Quand on l’accepte pour ce qu’elle est, c’est-à-dire, un état normal, naturel et confortable, la nudité disparaît et ne se remarque plus. Elle redevient ce qu’elle devrait toujours être. Elle n’est plus remarquable !

Nudité et sexualité

« Viens t’habiller, tu ne vas pas rester tout nu, quand même, ce n’est pas bien ! » Voilà l’injonction que nous entendons souvent dans la bouche des mères et pères de jeunes enfants à la plage. La nudité, ce n’est pas bien ! Répétez ça sous forme d’injonctions pendant plusieurs années, le message s’ancre alors profondément, la nudité c’est un état à fuir. Ajoutez-y pendant la jeune enfance et l’adolescence, un zest plus ou moins prononcé de perfection Photoshopée et de Pornhub, vous avez alors le cocktail parfait pour terminer l’association nudité-sexualité.

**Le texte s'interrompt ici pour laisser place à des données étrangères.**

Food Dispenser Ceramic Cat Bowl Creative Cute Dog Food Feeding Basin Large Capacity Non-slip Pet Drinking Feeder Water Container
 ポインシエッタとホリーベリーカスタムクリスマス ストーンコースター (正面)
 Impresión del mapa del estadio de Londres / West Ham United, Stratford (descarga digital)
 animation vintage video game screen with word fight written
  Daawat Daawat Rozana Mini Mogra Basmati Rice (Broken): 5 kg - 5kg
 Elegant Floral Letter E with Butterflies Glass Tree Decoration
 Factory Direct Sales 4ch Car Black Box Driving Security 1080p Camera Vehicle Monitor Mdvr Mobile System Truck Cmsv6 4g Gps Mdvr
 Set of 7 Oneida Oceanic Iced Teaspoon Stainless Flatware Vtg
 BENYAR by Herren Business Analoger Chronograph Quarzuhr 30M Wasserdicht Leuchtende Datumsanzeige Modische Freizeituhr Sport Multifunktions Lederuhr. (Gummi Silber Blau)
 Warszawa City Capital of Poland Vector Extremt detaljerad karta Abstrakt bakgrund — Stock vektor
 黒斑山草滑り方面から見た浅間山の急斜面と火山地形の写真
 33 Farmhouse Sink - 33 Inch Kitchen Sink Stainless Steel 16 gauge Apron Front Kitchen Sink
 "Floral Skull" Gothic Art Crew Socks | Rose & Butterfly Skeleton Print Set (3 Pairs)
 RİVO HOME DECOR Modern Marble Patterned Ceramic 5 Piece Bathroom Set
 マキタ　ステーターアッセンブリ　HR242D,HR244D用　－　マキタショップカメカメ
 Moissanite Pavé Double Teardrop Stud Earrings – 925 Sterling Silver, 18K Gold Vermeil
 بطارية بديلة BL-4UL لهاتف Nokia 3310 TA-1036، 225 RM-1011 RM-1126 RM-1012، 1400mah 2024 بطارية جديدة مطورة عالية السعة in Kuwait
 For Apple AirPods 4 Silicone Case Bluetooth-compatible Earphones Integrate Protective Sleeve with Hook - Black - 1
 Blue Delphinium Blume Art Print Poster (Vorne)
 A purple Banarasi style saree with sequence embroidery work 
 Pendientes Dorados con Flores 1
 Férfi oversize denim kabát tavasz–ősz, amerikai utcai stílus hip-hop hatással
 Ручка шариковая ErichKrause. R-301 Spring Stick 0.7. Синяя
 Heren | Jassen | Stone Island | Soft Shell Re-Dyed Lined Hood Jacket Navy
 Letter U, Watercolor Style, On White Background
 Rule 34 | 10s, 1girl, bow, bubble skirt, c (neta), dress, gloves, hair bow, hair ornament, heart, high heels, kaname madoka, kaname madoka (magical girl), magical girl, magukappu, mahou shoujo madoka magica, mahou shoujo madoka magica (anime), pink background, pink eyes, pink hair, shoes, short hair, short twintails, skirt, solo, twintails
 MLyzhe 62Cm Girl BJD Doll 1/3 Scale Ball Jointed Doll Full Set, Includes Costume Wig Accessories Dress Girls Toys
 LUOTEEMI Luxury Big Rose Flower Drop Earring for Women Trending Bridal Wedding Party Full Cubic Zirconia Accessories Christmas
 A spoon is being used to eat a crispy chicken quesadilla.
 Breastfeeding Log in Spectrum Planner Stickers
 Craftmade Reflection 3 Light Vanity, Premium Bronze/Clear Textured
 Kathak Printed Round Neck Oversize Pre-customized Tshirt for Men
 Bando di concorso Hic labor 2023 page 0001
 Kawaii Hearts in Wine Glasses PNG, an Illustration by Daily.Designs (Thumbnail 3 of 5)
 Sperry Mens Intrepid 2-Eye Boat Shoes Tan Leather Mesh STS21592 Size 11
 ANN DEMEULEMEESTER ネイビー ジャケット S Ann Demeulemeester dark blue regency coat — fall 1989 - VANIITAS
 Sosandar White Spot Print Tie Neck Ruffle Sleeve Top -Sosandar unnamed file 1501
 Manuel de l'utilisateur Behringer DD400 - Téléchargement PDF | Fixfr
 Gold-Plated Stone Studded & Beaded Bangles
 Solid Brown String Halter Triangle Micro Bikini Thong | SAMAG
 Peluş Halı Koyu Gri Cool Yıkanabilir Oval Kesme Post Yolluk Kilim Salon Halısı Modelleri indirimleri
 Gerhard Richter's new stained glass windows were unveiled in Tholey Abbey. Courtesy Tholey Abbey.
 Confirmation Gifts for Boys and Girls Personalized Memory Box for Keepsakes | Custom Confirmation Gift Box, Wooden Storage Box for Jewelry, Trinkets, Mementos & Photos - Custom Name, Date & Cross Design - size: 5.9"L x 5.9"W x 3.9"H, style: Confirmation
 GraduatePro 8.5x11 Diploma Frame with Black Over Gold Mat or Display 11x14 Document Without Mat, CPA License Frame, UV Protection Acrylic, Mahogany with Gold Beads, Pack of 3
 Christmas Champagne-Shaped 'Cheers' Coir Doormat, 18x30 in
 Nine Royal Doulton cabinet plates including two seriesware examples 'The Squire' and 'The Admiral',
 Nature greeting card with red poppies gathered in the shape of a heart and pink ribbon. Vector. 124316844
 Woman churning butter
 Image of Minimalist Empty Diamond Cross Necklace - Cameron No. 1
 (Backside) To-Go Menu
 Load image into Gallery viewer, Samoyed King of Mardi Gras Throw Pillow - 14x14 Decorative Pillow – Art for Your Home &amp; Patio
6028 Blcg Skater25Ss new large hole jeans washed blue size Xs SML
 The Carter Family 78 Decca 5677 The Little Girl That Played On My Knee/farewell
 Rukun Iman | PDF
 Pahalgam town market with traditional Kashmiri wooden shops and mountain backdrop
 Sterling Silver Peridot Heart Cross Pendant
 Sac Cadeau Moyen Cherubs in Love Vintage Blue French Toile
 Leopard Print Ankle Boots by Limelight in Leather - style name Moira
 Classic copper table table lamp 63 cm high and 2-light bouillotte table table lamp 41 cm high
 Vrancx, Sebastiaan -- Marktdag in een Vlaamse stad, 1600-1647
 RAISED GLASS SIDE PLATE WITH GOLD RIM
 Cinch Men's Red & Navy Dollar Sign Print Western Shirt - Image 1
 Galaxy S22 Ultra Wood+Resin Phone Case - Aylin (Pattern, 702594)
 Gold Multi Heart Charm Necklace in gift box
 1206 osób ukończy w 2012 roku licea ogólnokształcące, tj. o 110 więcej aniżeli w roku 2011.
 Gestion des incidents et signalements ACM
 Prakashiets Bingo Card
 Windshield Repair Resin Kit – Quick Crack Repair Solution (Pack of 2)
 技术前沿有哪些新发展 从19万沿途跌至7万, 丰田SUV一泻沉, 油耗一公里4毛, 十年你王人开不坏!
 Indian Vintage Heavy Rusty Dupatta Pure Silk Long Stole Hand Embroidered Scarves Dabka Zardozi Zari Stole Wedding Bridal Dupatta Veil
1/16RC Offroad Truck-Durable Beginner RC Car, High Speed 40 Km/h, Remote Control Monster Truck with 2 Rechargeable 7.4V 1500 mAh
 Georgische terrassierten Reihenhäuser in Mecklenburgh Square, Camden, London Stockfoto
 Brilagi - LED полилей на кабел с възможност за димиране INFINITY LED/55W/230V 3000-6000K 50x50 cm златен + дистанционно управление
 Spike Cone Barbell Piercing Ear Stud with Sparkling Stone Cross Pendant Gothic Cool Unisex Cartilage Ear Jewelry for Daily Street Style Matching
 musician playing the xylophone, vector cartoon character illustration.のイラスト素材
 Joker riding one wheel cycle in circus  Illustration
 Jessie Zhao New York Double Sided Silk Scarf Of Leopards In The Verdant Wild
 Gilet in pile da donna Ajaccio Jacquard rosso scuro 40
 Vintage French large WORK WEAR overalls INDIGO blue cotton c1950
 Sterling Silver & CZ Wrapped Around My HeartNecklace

Pour les milieux religieux, on peut y substituer la bienséance, les injonctions vestimentaires et le tabou de la sexualité pour, somme toute, arriver au même résultat. Dans la tête d’une majorité de personnes, la nudité est tabou, car empreinte de sexualité, qu’il convient de conserver dans l’intimité de la chambre à coucher. On pourrait alors conclure : la messe est dite ! Fermez le ban ! Mais revenons en arrière.

Laissons notre enfant gambader tout nu sur la plage. Déshabillons ses parents aussi. Ils sont nus à la plage. De retour chez eux, ils déambulent nus entre la salle de bain, la cuisine et le salon. Sans être naturistes, ils ne voient pas le corps comme quelque chose de sale. Ils l’expliquent à leur enfant et à chaque phase de son développement, passent du temps pour lui expliquer le corps, les sensations, ce qui relève du privé et surtout le laissent découvrir son corps sans honte ni fausse pudeur, en lui expliquant la limite entre sentiments et comportements sexuels et non sexuels. Ce n’est pas une vue de l’esprit. De nombreux parents font ceci, ce qui permet aux enfants de grandir sans honte du corps et sans rechercher une perfection à tout cran.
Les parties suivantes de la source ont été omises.